• [GIVEN RECORDS]
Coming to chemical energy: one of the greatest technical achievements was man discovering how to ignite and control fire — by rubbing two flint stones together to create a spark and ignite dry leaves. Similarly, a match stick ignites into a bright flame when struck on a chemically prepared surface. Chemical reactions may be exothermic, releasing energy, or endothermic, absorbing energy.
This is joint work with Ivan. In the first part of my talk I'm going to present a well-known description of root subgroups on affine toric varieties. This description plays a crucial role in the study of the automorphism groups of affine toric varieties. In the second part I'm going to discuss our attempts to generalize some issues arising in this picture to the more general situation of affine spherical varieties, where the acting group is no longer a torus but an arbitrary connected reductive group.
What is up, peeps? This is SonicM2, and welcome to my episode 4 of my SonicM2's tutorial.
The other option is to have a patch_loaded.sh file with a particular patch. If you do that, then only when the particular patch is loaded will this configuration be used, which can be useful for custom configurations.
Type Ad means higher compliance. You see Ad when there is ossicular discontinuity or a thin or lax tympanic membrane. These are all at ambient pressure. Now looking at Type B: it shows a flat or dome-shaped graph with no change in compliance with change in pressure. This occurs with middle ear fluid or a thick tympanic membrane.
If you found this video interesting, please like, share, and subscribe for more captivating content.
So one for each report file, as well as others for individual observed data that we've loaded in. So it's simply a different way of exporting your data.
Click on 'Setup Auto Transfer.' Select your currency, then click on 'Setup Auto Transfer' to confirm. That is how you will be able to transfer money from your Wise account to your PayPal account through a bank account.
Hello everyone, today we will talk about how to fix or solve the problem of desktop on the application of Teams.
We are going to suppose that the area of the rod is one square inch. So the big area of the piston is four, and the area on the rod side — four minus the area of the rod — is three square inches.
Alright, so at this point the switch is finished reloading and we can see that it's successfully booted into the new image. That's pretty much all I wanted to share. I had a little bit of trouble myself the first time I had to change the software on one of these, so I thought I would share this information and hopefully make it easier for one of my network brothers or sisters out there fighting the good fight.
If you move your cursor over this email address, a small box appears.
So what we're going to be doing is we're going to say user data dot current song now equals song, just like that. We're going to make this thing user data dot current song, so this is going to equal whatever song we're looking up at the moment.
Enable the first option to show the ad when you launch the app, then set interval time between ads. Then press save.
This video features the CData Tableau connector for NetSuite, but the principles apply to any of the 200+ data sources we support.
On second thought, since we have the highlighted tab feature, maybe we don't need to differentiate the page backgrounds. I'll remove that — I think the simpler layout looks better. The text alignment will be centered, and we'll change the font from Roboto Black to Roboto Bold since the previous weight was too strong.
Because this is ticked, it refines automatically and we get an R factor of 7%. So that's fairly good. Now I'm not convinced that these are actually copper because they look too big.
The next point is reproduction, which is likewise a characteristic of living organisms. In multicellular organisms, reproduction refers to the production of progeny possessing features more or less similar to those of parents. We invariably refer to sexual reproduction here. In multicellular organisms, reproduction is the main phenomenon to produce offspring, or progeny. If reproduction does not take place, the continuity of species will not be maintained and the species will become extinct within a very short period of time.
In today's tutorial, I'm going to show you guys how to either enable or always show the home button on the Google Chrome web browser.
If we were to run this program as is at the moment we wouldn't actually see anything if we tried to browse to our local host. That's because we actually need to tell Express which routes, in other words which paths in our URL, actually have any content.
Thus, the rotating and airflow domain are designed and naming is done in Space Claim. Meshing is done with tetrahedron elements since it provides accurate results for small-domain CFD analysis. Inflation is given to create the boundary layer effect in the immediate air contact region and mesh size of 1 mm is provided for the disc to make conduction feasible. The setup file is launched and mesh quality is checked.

• [PROBLEM TO WORK ON] Please give the number of lines in the data above that hold "file", and write nothing else.

• [ANSWER SPACE] 3